There are other patterns that look scary to me. Surely these two are bad as well:
*cbi* *CI*
Given I'm currently looking at project/bundles with names like org.eclipse.cbi.*, I really would not be happy if those such bundles are selectively excluded from p2 repositories. I think we should be careful with any patterns apply to files, not just to folders, that they don't selectively exclude a file that could be in a p2 repository.
All these are suspect, especially ones that start and end with *.
I tested a few patterns with find on download.eclipse.org:
*cbi* pattern is too wide and not very useful. For example, it excludes files like
/home/data/httpd/download.eclipse.org/modeling/mdt/papyrus/updates/releases/2021-09/5.2.0/toolsmiths/plugins/org.eclipse.cbi.p2repo.aggregator_1.0.300.20200825-1205.jar (it might be debatable, if those plugins should be part of the papyrus update site).

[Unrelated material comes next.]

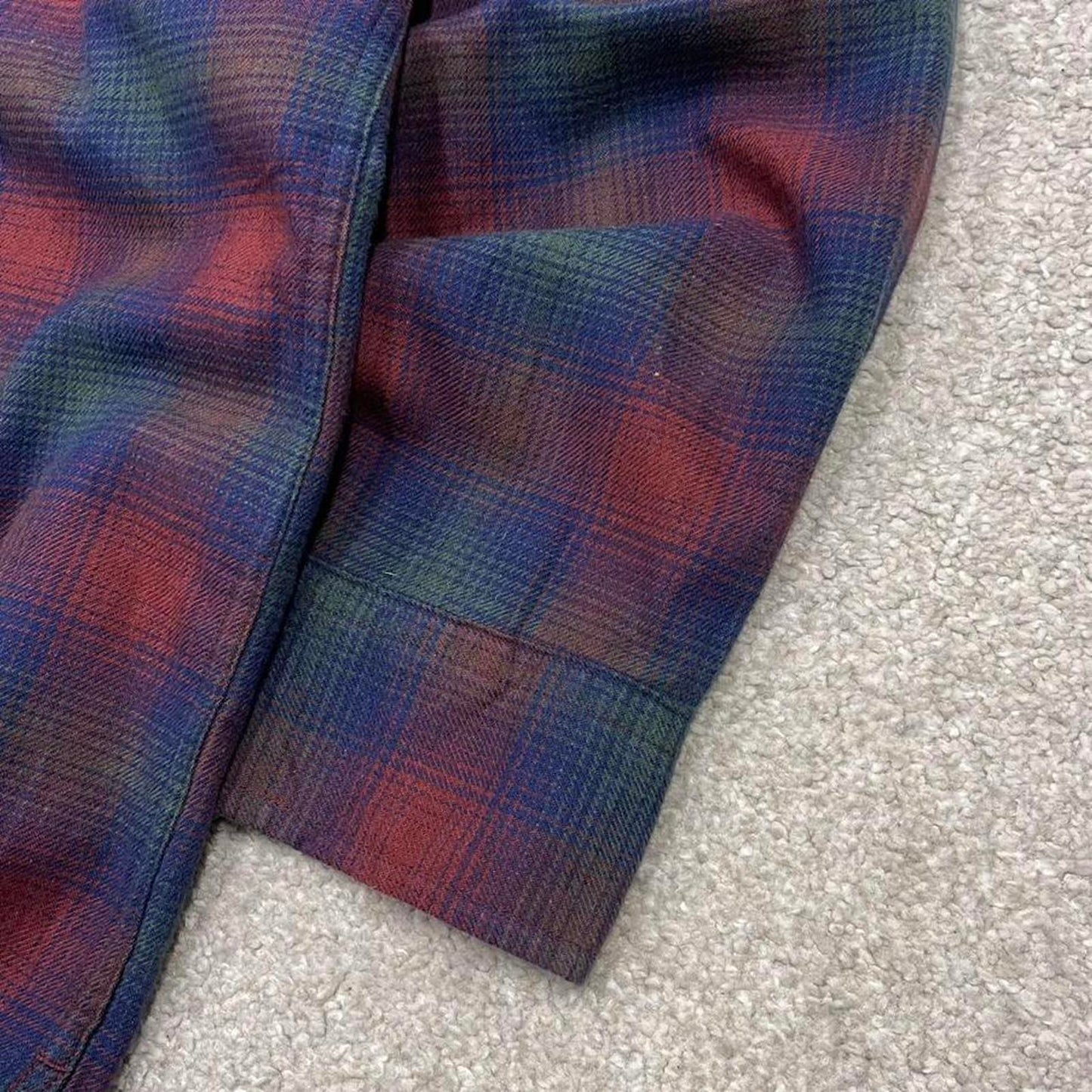 Y2K Levi’s checkered plaid flannel shirt red Long sleeve check button down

Out of ~2900 pattern matches on downloads.eclipse.org, ~2200 matches refer to cbi.p2repo.aggregator files that are part of I-Builds and therefore are excluded from mirroring anyway.
*ci* is too wide, as it matches files that include the following words: ascii, reconciler, tracing, principal
*CI* is too wide, as it matches files like /home/data/httpd/download.eclipse.org/modeling/gmp/updates/releases/features/org.eclipse.gmf.runtime.notation.sdk_1.6.0.v20120327-2213-47F08xGD6FxMBN7CJFV3CIKK9t84.jar. *CI/ would be better, it currently matches:
*-dev* is too wide, as it matches files like /home/data/httpd/download.eclipse.org/chess/core/releases/devel/CHESS-devel_2111221039-linux.gtk.x86_64.zip
for release names like *galileo*, etc it's probably better to exclude only directories like *galileo/, otherwise individual files like /home/data/httpd/download.eclipse.org/releases/neon/201612211000/plugins/org.eclipse.rcptt.updates.galileo_2.1.0.201510050740.jar are excluded.
I tried to archive the m2e-milestones directory (and its content) at
https://download.eclipse.org/technology/m2e/milestones/ with the intention to delete it. But moving it to archives failed with the following message:
(Folder cannot be archived: failed with 256. Please contact webmaster.)
When looking into the milestones directory I noticed that all but the 1.5 and 1.6 sub-directories were moved.
In the archives the 1.5 and 1.6 sub-directory as well as the other directories are present, so it looks like it just failed to delete those two sub-directories.
Furthermore I noticed that the content of https://download.eclipse.org/technology/m2e/milestones/ was moved to the following address: https://archive.eclipse.org/technology/m2e/milestones/milestones/
I think the second milestones path element is wrong, isn't it?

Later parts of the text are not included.